The ending to Cradlegrave, though more understated than I expected, is just right for the story. Who expected a happy ending? Not me.
I was creeped out last week by the superglue thing, then this week - heavy irony - it turns out to be a blessing, as DXB says. The scene of Mary's death/childhood is very sad, too. A sympathetic monster. Wow.
I notice that what Mary is hasn't really been explained, unless I'm missing something. Oddly, I don't seem to mind.
Cradlegrave's been a real gem. Ten out of ten to everyone involved.

As for the rest, I can't find a flaw. The Dredd story is great fun and paced just right, while SinDex is stuffed full of good ideas, as is Defoe, which I just can't get enough of.
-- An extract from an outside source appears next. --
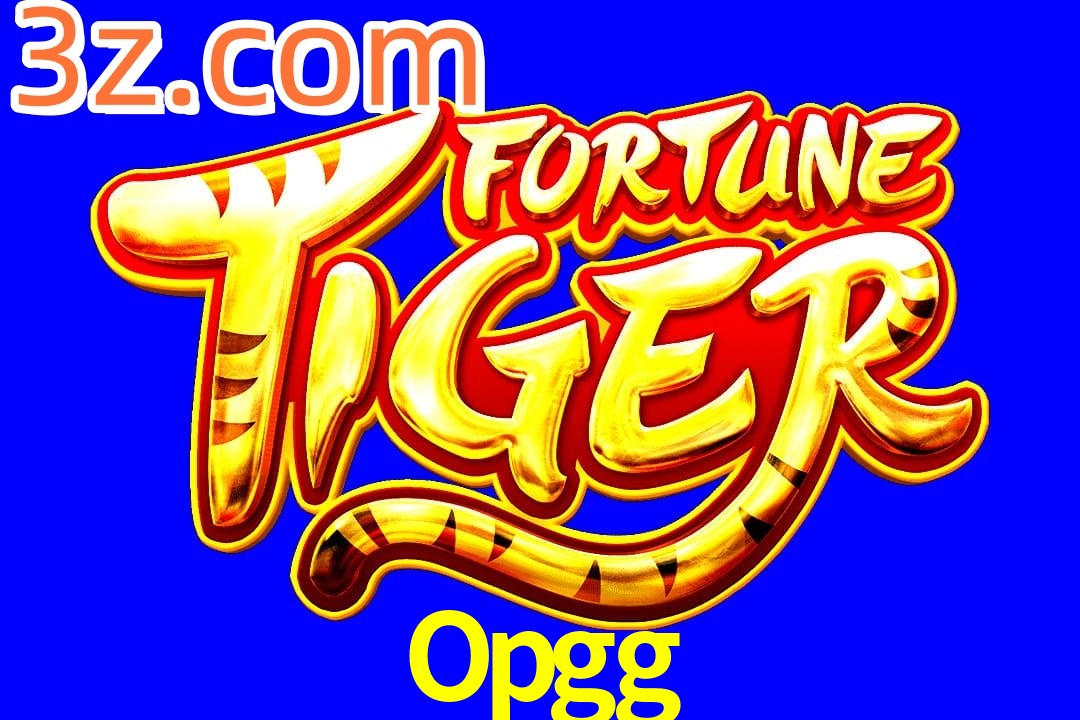 Exótico com Jogo Fortune Tiger no Opgg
Finally, I've loved The Red Seas for years now and I was fascinated to read all about these 12 (really 13) parallel worlds. What the hell went on behind the 13th door? Who's through it? There's enough material here, and in uncompleted past storylines, to keep this amazing story going for years, which is fine by me.

It was fun looking carefully at the Brotherhood types. Is that the Invisibles' Mister Six there? I hope it is!
Also, there's a brain in a tank, wearing a Tom Baker hat a scarf. Hee hee!
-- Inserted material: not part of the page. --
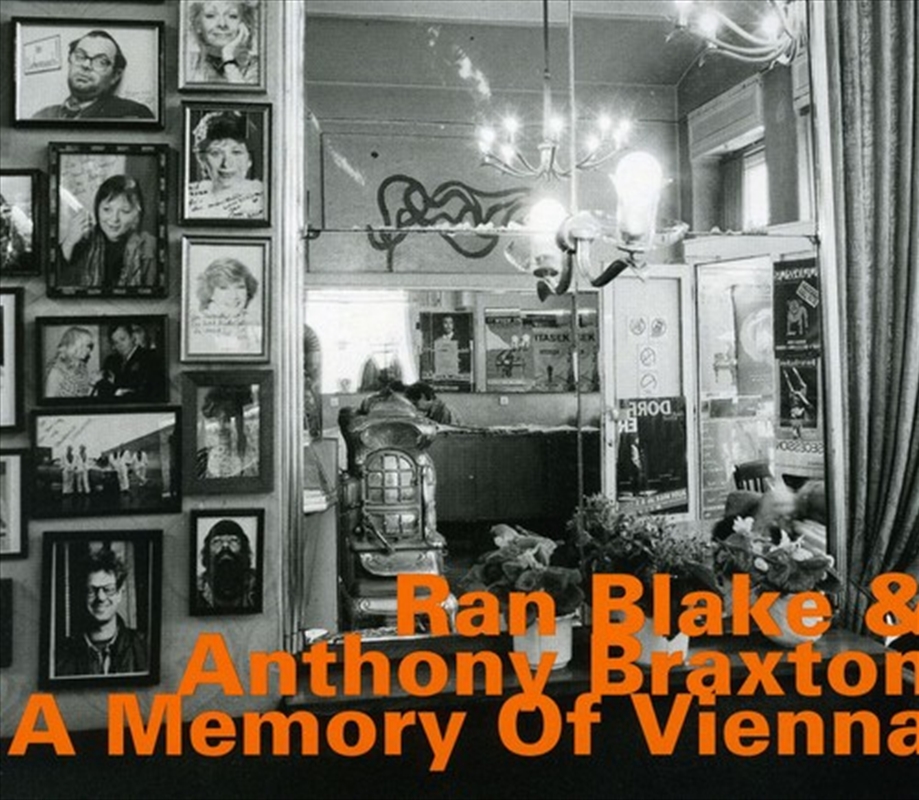 A Memory Of Vienna/Product Detail/Jazz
As if this isn't enough, Tharg gets us tumescent with a Dredd epic to come!
More, more, more!

- Trout

DavidXBrunt

That brain in a tank is likely to be George Sewell, Victorian time-traveller and three time Dredd opponant.

Dark Jimbo

#9
Best prog of the year? I think so, and I don't say such things lightly.
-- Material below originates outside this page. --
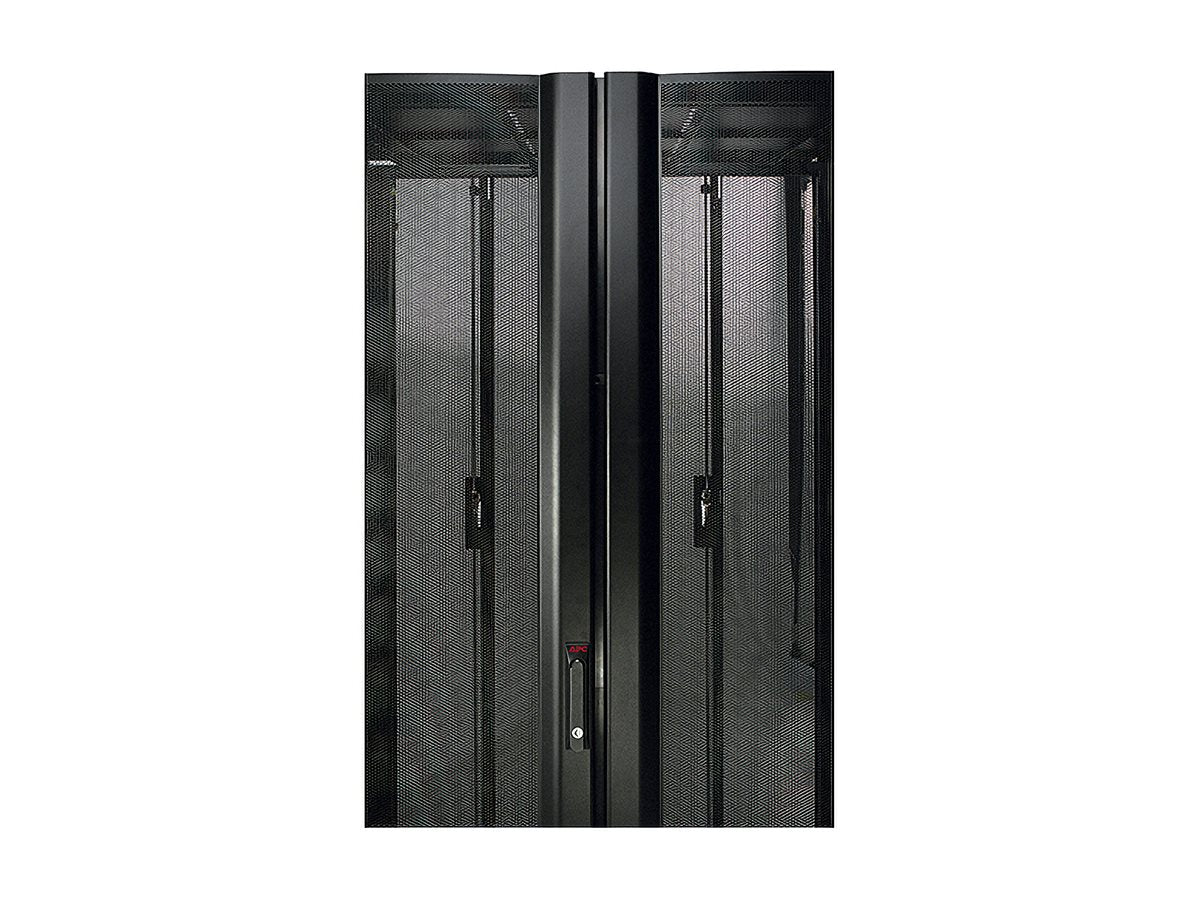 APC NetShelter SX 42U/48U Baying Trim Kit Black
A decent enough Dredd, flawless outings for Cradlegrave and Defoe and two strips that I thought I'd lost interest in some years ago managing to surprise me by being fun, imaginative and fresh enough to reignite my interest - only a rather so-so cover let the package down.

I'm surprised that the ultimate lack of explanation in Cradlegrave didn't annoy me. I wanted to know what had infested Mary, how it had started and when, etc etc - and in a sense I still do - but at the same time, we didn't really need to know. The ending was nearly perfect as it was - especially as it tied up one of the best self-contained thrills in years. No sequel please, let it stand as it is, unanswered questions and all.
@jamesfeistdraws

Keef Monkey

My favorite thing about Cradlegrave was that with it being set during a sticky heatwave, the writing captured that perfectly. Every time I got to that part of the prog over the last few weeks I've genuinely felt a bit queasy, because Smith showed a real power with words and the horrible humidity just oozed all over you reading it.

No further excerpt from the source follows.